(Entries shown)

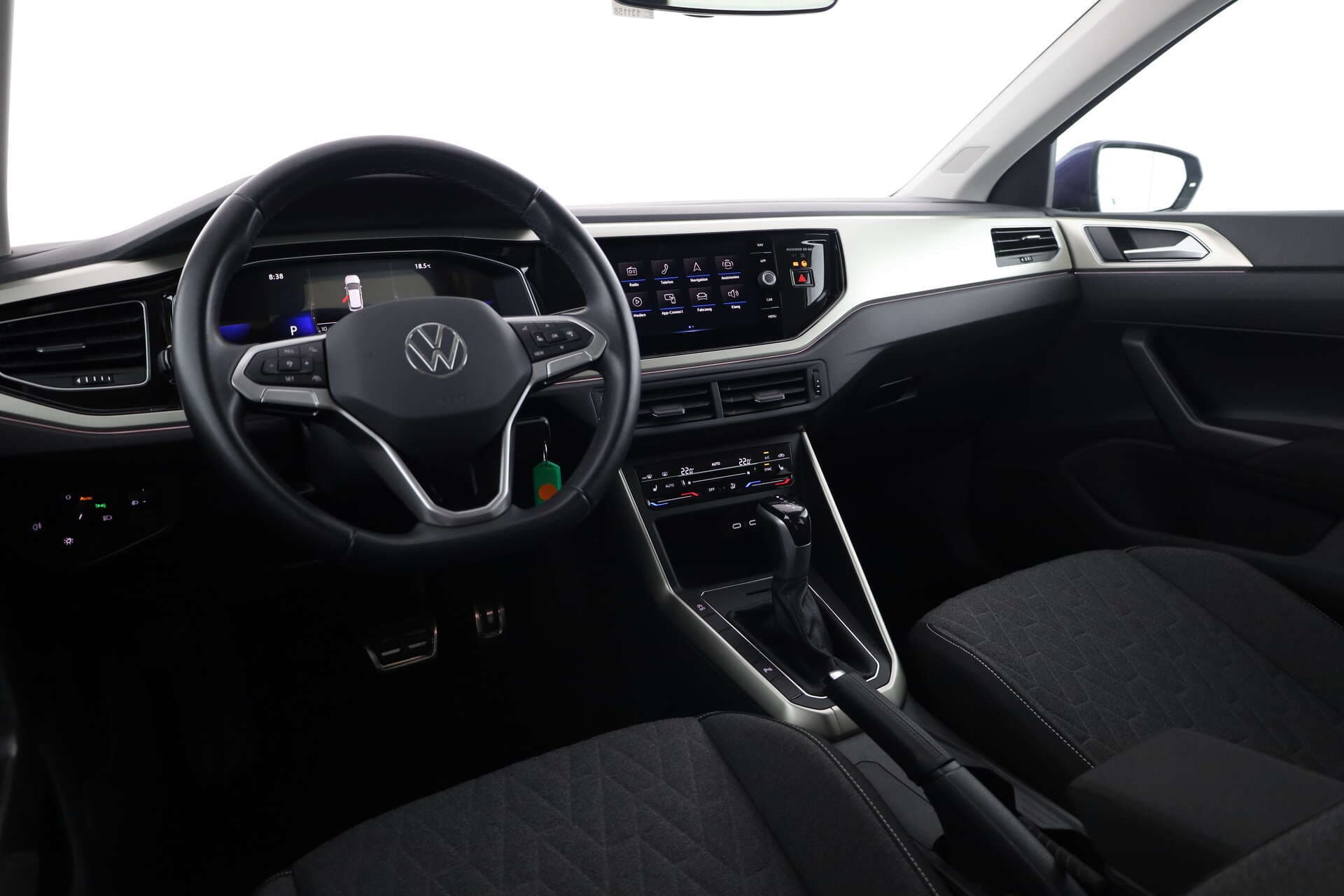 VOLKSWAGEN Polo, photo 8 sur 17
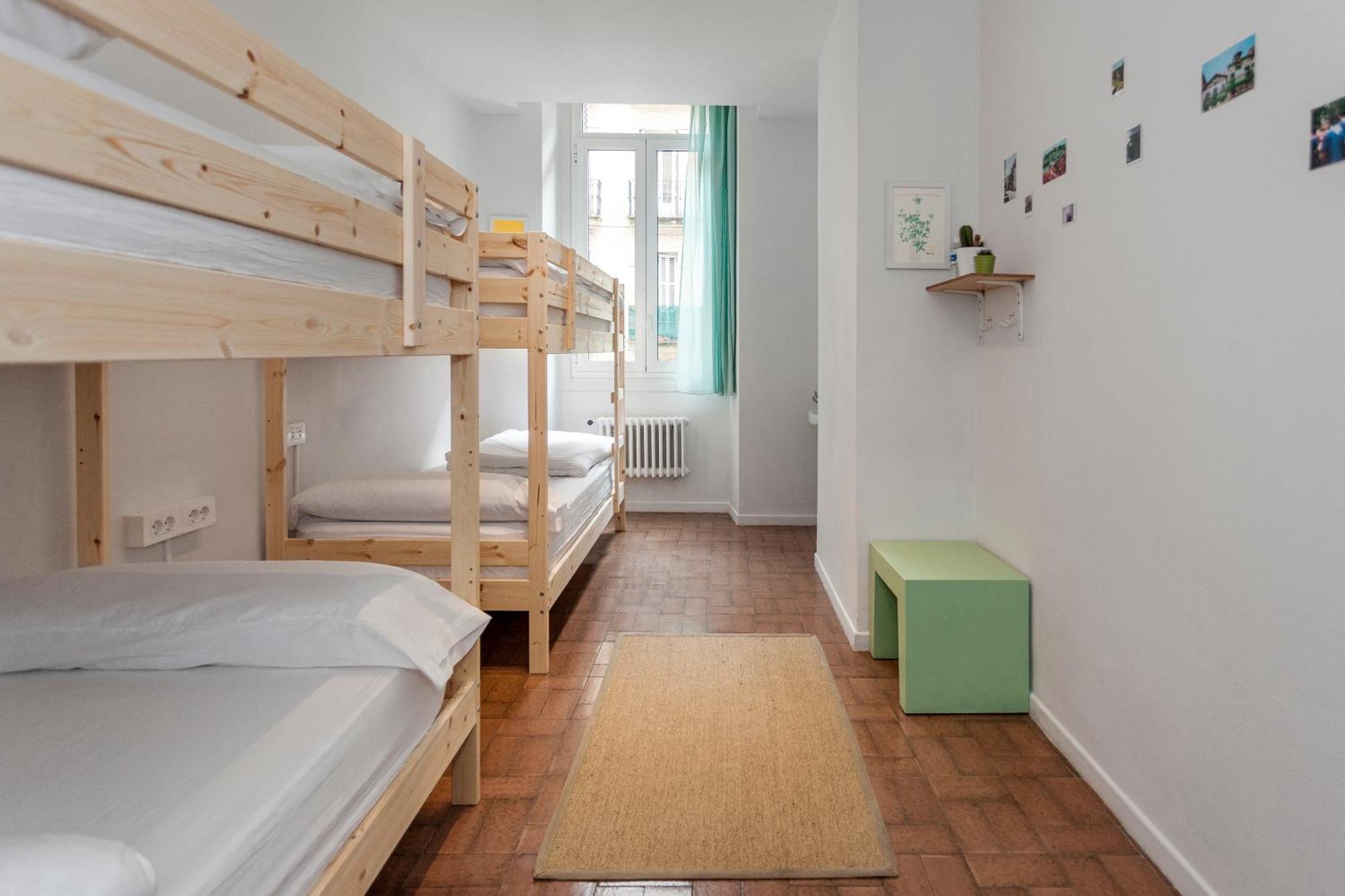Bed 6-Bed Female Dormitory Room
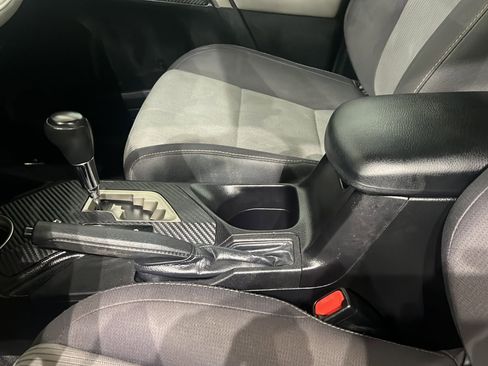 Used 2014 Toyota RAV4 XLE image 25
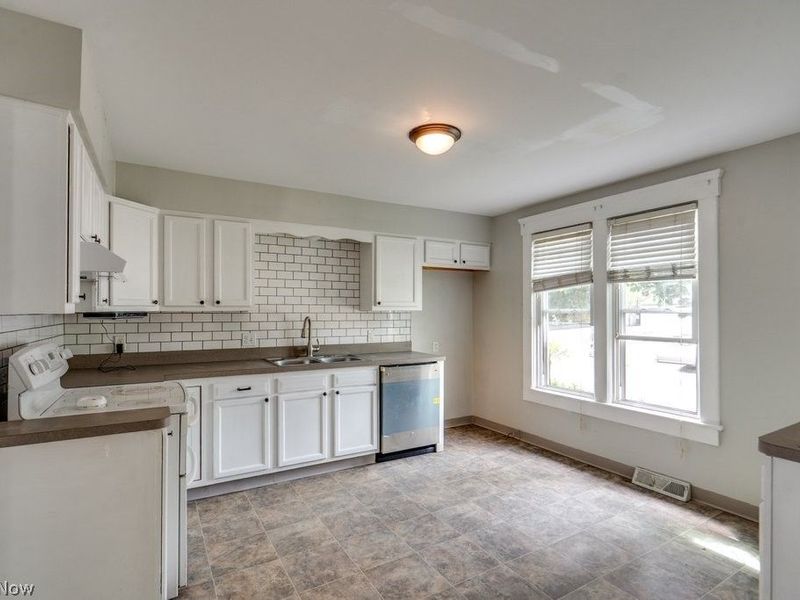 123 7th Street NW, Barberton, OH 44203 Photo 12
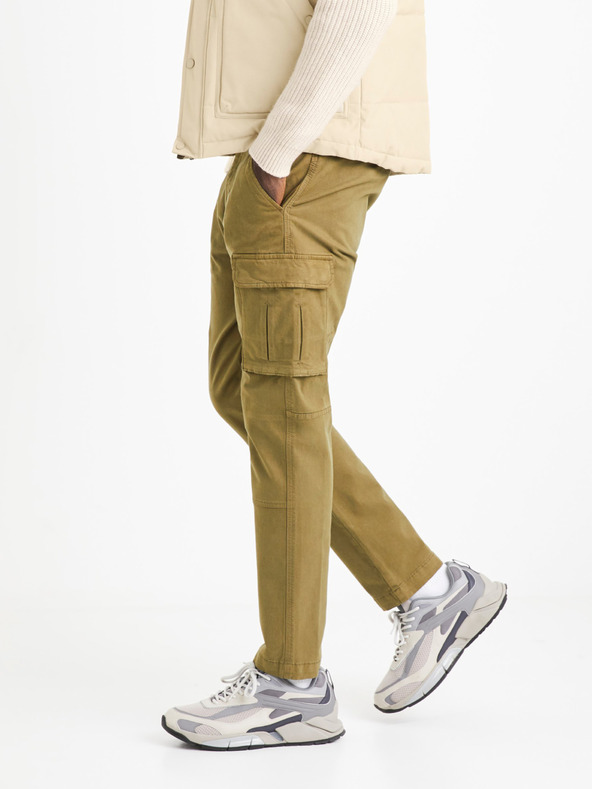 Celio Мъжки панталони Celio Volcan в цвят каки
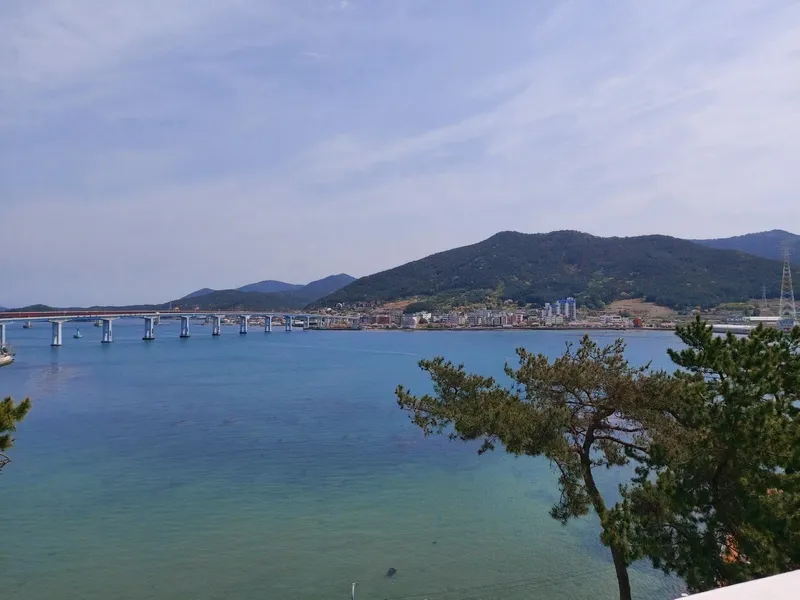 [경남 통영] 구거제대교와 바다가 보이는 산책하기 좋은 펜션 402호 7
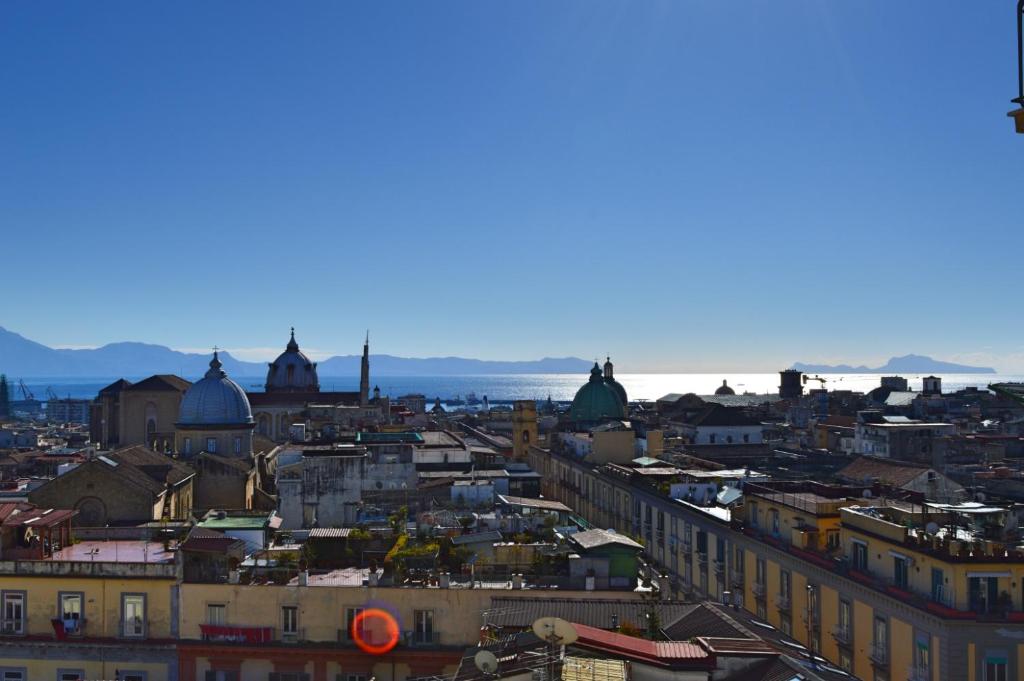 vistas a una ciudad con edificios en Nel Cuore di Parthenope, en Nápoles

(End Entries shown)

§ What the task asks:
Your task is to retype the listing exactly, without its pictures.

§ Exercise answer:
 VOLKSWAGEN Polo, photo 8 sur 17
Bed 6-Bed Female Dormitory Room
 Used 2014 Toyota RAV4 XLE image 25
 123 7th Street NW, Barberton, OH 44203 Photo 12
 Celio Мъжки панталони Celio Volcan в цвят каки
 [경남 통영] 구거제대교와 바다가 보이는 산책하기 좋은 펜션 402호 7
 vistas a una ciudad con edificios en Nel Cuore di Parthenope, en Nápoles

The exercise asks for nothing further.